The Institute is a 2017 American horror thriller film co-directed by Pamela Romanowsky and James Franco. It is based on a true story of a young girl's treatment at The Rosewood Institute in Owings Mills, Maryland, and stars Franco, Allie Gallerani, Tim Blake Nelson, and Lori Singer. The film was released on March 3, 2017.

==Synopsis==
Baltimore, 1893: young Isabel Porter checks herself into the Rosewood Institute, following the sudden death of her parents, and is subjected to extreme experiments in brainwashing and mind control by the insidious Dr. Cairn.

==Cast==
- James Franco as Dr. Cairn
- Allie Gallerani as Isabel Porter
- Tim Blake Nelson as Dr. Lemelle
- Lori Singer as Madame Werner
- Josh Duhamel as Detective
- Eric Roberts as Dr.
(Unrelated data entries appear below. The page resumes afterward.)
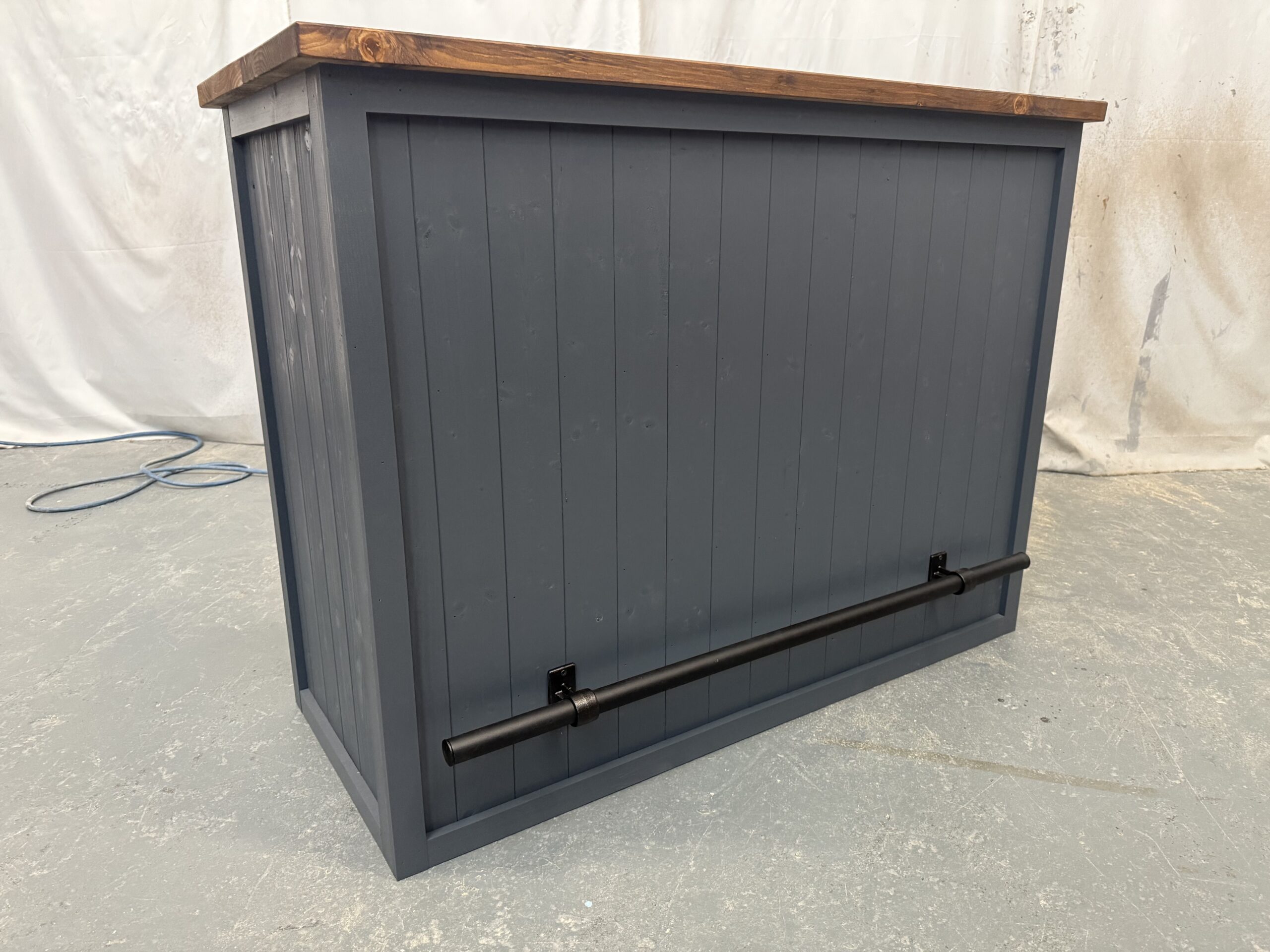u shape compact home bar with powder coated foot rail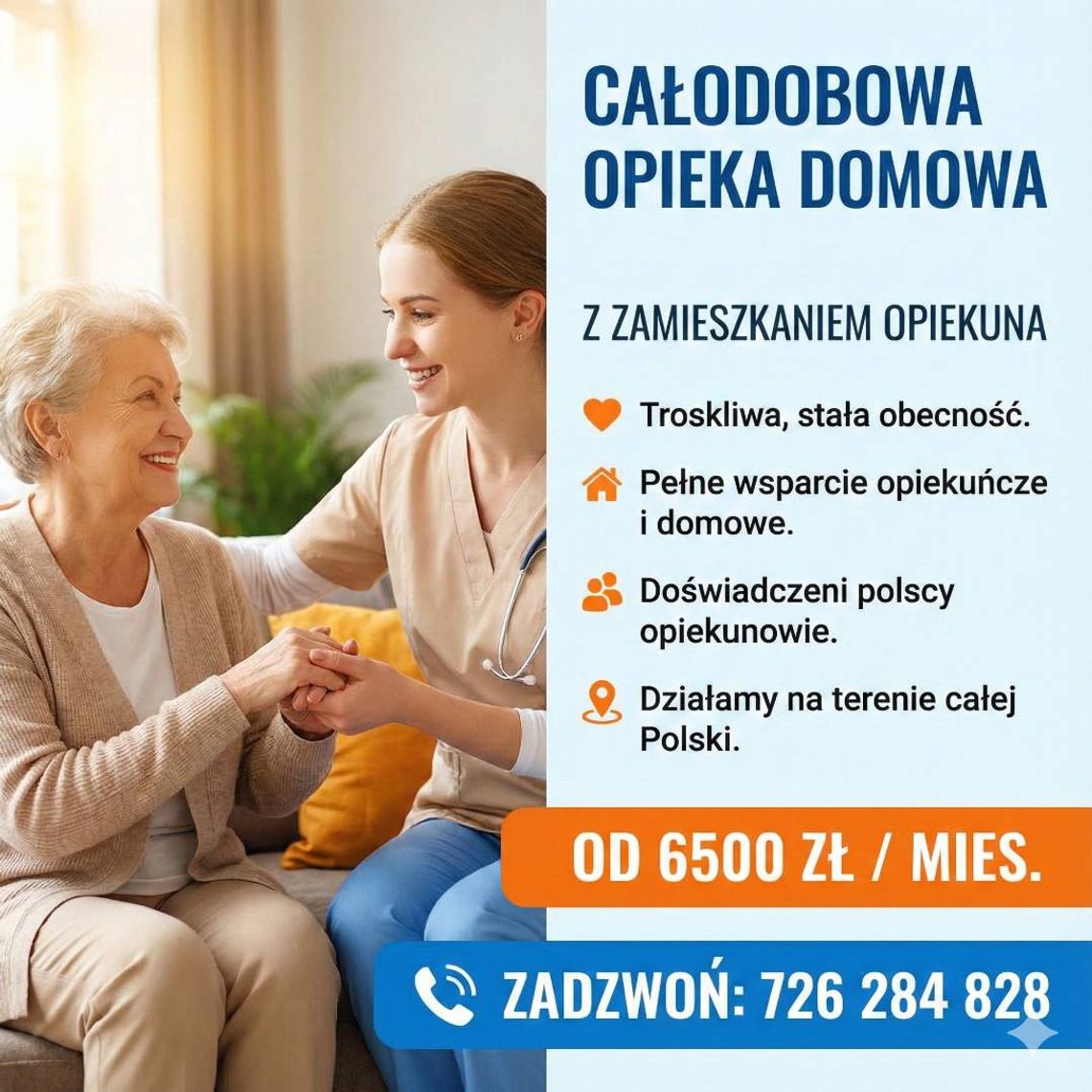 Oferujemy całodobową opiekę seniora z zamieszkaniem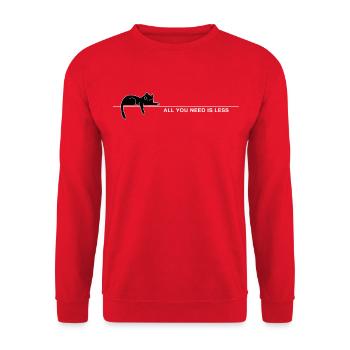 Tout ce dont vous avez besoin, c’est de moins – Minimalisme Cat - Sweat-shirt Unisexe - rouge - Devant - Alina (178cm) & Michal (187cm)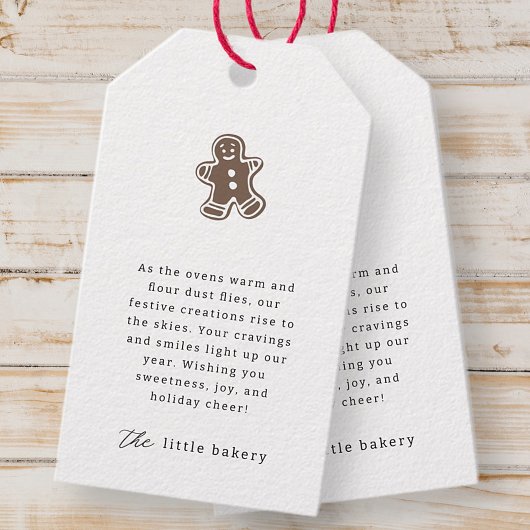 Moderne minimalistische bakkerij vakantie dank u cadeaulabel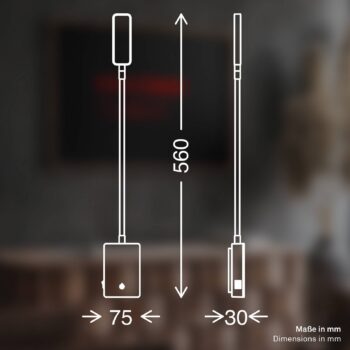 LED stolová lampa Cielo, čierna, výška 56 cm, plast
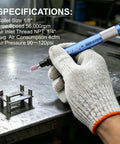 Top Shelf 1/8 Inch Pencil Air Die Grinder Rock Solid Pneumatic Rotary Tool in use, grinding metal workpiece in a shop environment.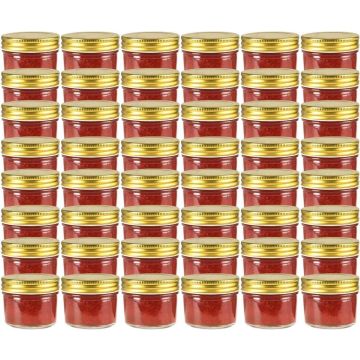 Jampotten met goudkleurige deksels 48 st 110 ml glas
Torrington
- Melissa Bolona as Trudy
- Scott Haze as Gunther
- Gabrielle Haugh as Allison

==Reception==
On review aggregator Rotten Tomatoes the film has a score of 0% based on reviews from 5 critics, with an average rating of 2.50/10 rating.

Both RogerEbert.com and Slant Magazine gave the film one star out of four, with the later writing "The Institute seems constantly on the verge of dipping into spoof, though of what exactly is difficult to say".

Gary Goldstein of the Los Angeles Times dismissed the film as 'silly' and added that "the mishmash of a script by Adam and Matt Rager is filled with arch attempts at period dialogue and much psychobabble. Franco and Romanowsky's unsubtle direction doesn’t help."

Matt Donato of Film Journal International also was not impressed with the film, criticizing the script, direction and approach to the material, saying that "watching The Institute, you'll feel caught in a musty chamber with no escape, slowed by wolfsbane serums that beckon the deepest of sleep. No prescription will cure what ails this botched indie experiment".